Enclosed pole barn totally destroyed most of roof on the other one is gone not sure about the one in the front can't check the one in front of the house till this morning. Hopefully my neighbors mobile home is still there it's 2 am wind is still howling out side but everyone is alive and that's all that matters. Pic's of the destruction to come tomorrow after I go check on my neighbors and boats and truck. Hopefully my Jeep isn't destroyed also.


----------



## Backcountry 16

Hoping anyone in this bitches path is safe. That was way worse than Charlie was.


----------



## fjmaverick

Its still windy here. The flooded road in front has been bone dry since about 9pm.


----------



## Backcountry 16

Here are some pics of my yard


----------



## BM_Barrelcooker

which one of yall is this?


----------



## iMacattack

Checking in from SLOcala. Came up here a couple days ago from our house in Ft. Lauderdale. We have power and are doing well. We faired much better than some of the neighbors.


----------



## Backcountry 16

My pole barn and drive way


----------



## Backcountry 16

Smith's 2 hurricanes 0


----------



## MariettaMike

Sorry to see you guys with damage, but happy to hear you're ok. The center passed over Crystal River last night. Not much wind damage to speak of around my house.
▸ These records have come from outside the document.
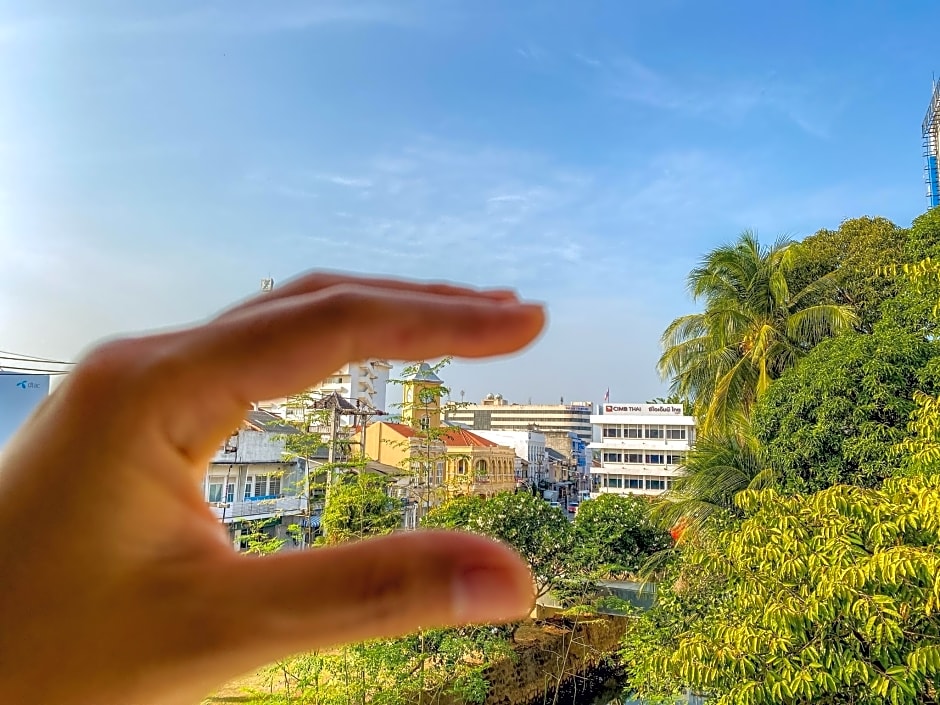 Sino Imperial Phuket - SHA Plus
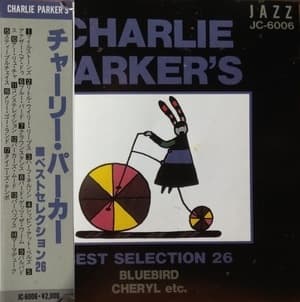 Charlie Parker's Best Selection 26
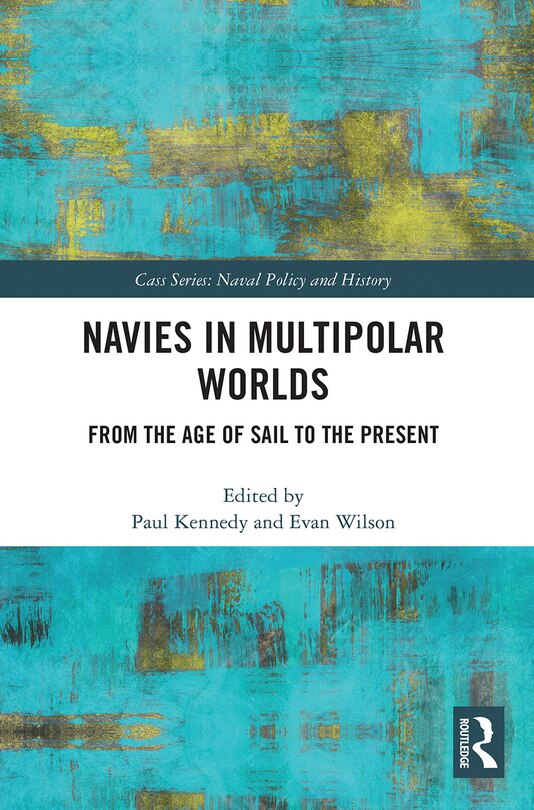 Couverture_Navies in Multipolar Worlds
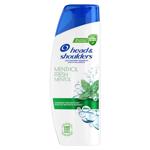Шампунь Head&Shoulders Menthol Fresh 250мл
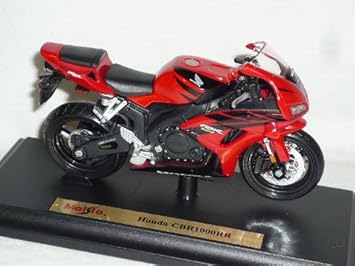 maisto cbr1000rr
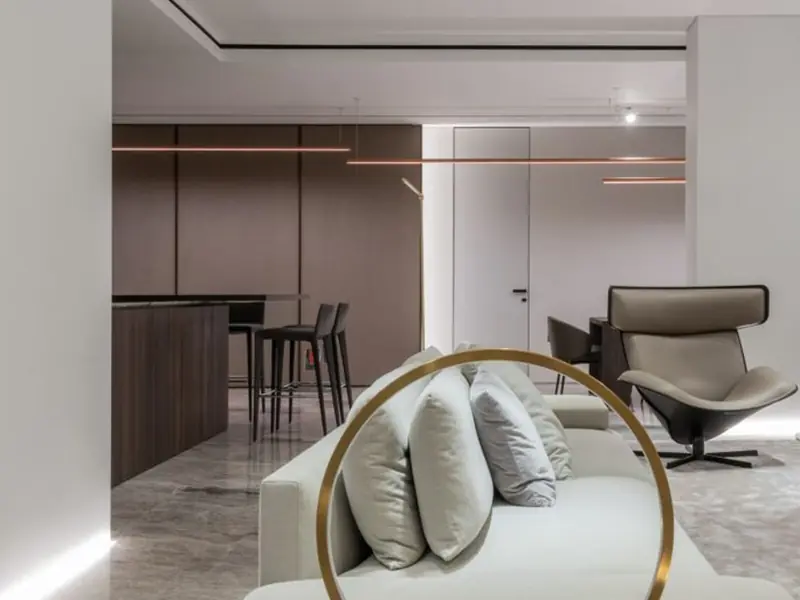 Oberoi Nepean Sea Road - photo 18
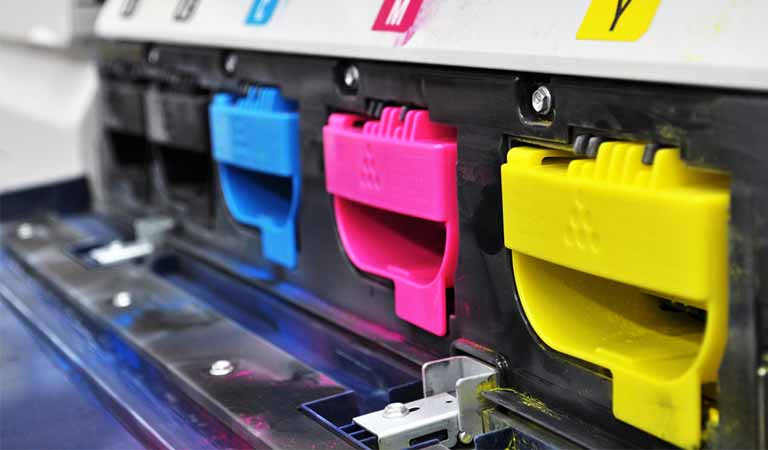 چرا کیفیت جوهر مهم است؟ - جوهر چاپ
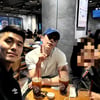 서강준, 전역 한 달 전 근황..모자 써도 가려지지 않는 잘생김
However the real issue now is how high will the water rise with this SW wind all day and an 8 O'clock high tide. Its coming back up pretty fast.


----------



## Backcountry 16

Try again pole barn


----------



## Breeze

This is Ocala. The hewes is hooked to the truck in the barn. There both fine right now


----------



## Cronced

This morning on the beach in Jupiter. A lot of us are without power and have flooding, but these little guys are hatched into a hurricane with no shelter, no protection, and very little hope for survival, yet just keep going against all odds. Hopefully this can add a little hope to someone's day. Praying for everyone affected by the storm. I feel very lucky today.


----------



## Backwater

We made it thru ok. the eye passed just to our east with steady 60-70mph winds with gusts up to 80+. Not as bad as we were bracing for.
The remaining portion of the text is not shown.